=== THE DATA ===

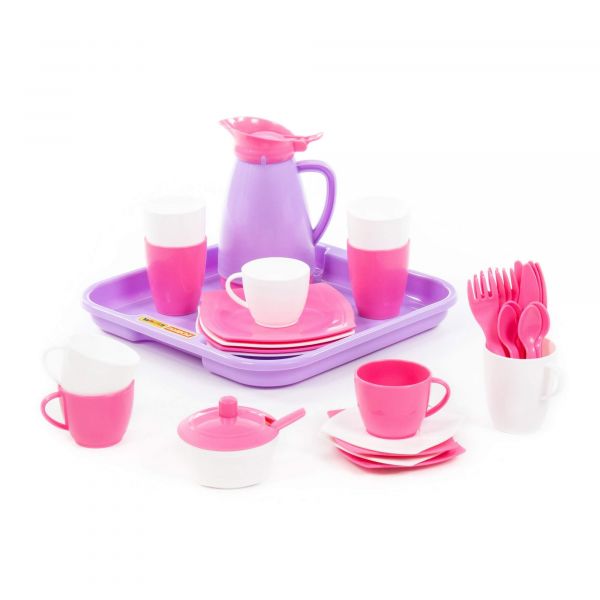 Set of children's dishes "Alice" for 4 persons with a tray Pretty Pink 40657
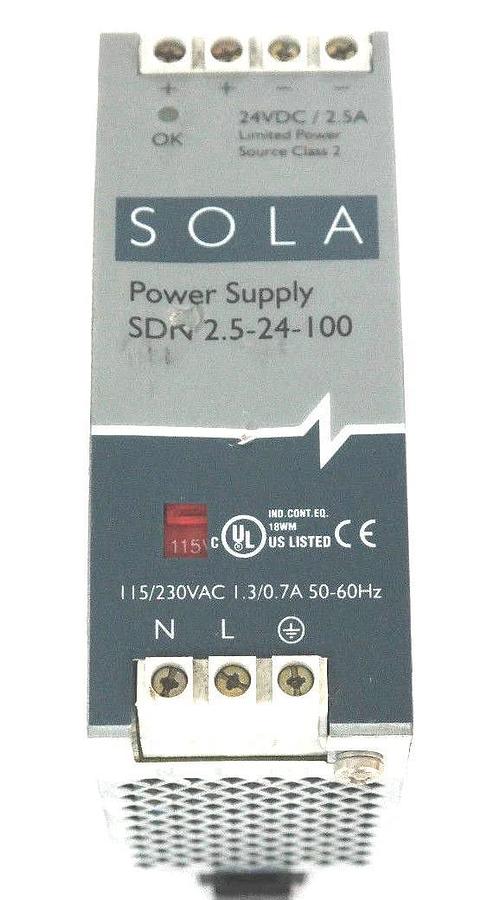 Used SOLA ELECTRIC SDN-2.5-24-100 POWER SUPPLY 24VDC 2.5AMP SDN2524100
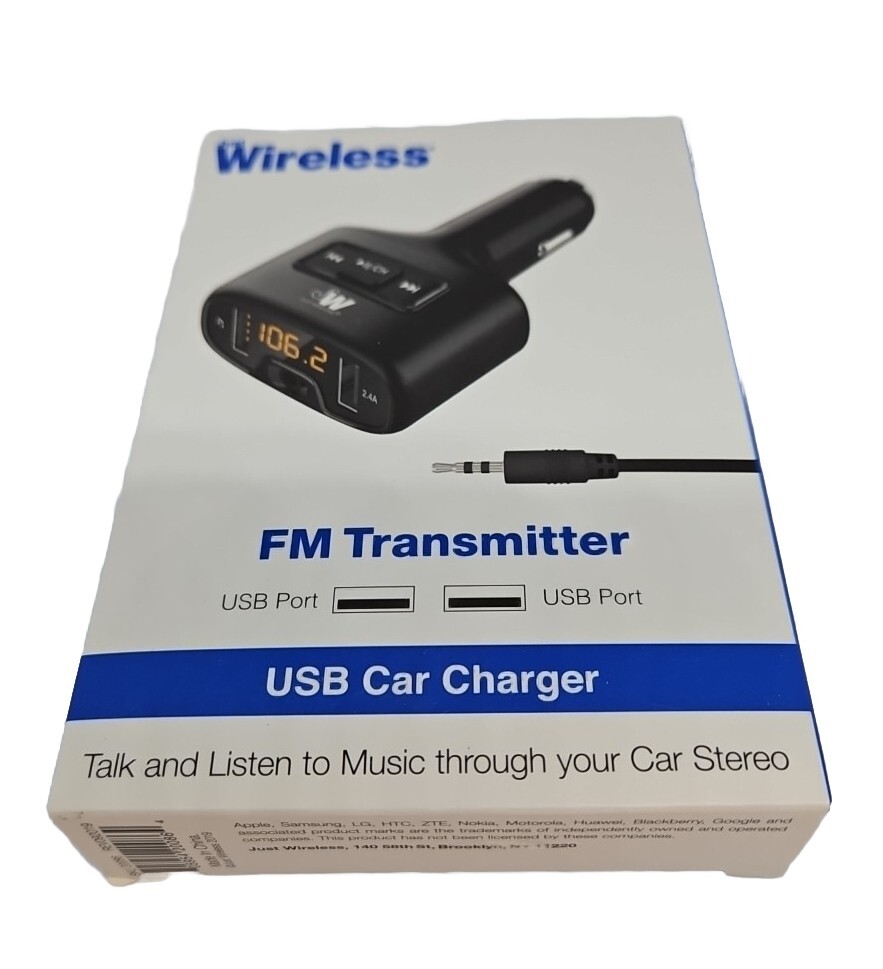 Just Wireless FM Transmitter (3.5mm) with 2.4A/12W 2-Port USB Car Charger -Black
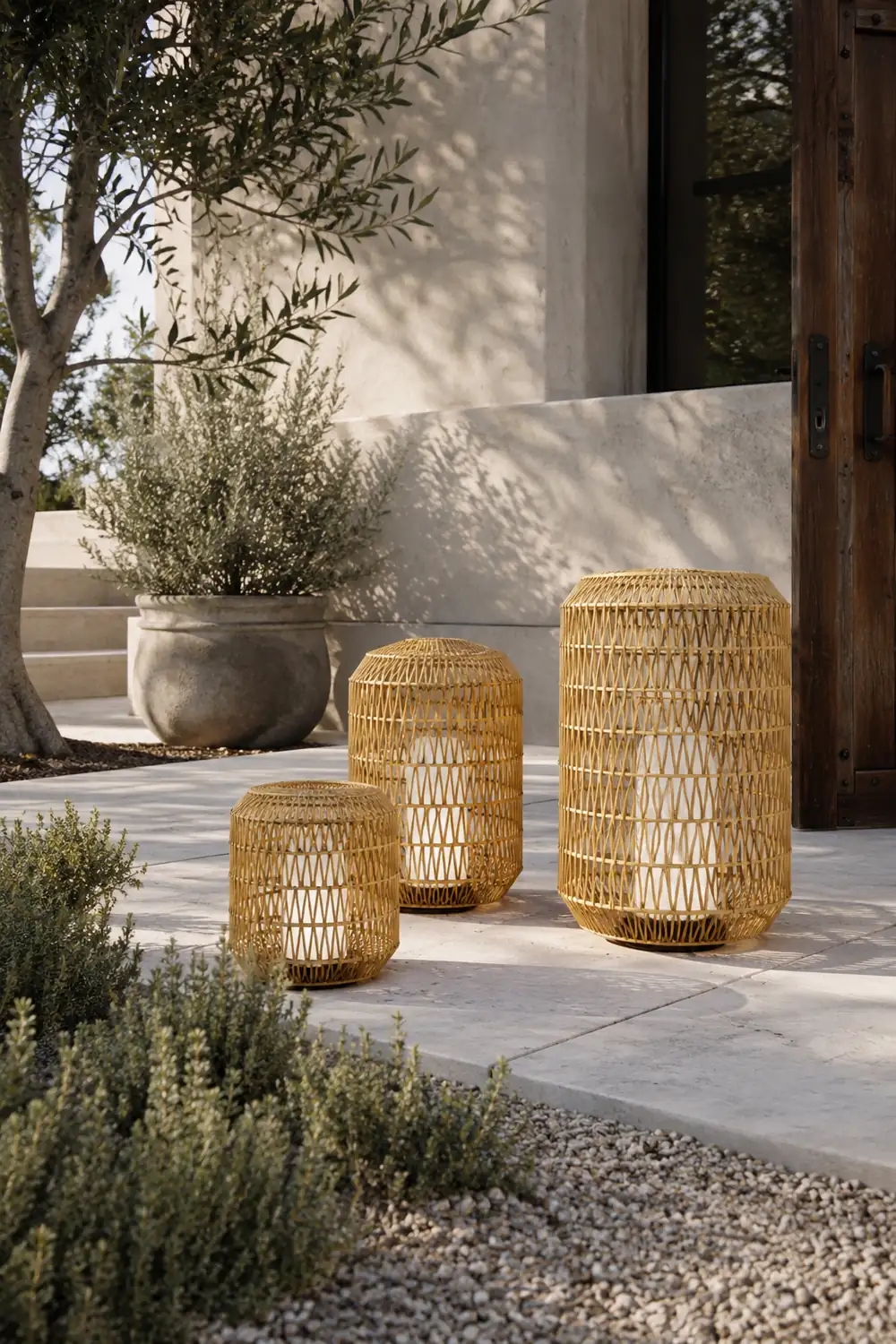 Ritta Außenstehleuchte Bauernhof, Metall & Rattan, ∅28/41/52CM - Lumpaz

===

EXERCISE DIRECTIONS: Each line of the data needs to be output exactly, with any image excluded.

YOUR SOLUTION:
 Set of children's dishes "Alice" for 4 persons with a tray Pretty Pink 40657
 Used SOLA ELECTRIC SDN-2.5-24-100 POWER SUPPLY 24VDC 2.5AMP SDN2524100
 Just Wireless FM Transmitter (3.5mm) with 2.4A/12W 2-Port USB Car Charger -Black
 Ritta Außenstehleuchte Bauernhof, Metall & Rattan, ∅28/41/52CM - Lumpaz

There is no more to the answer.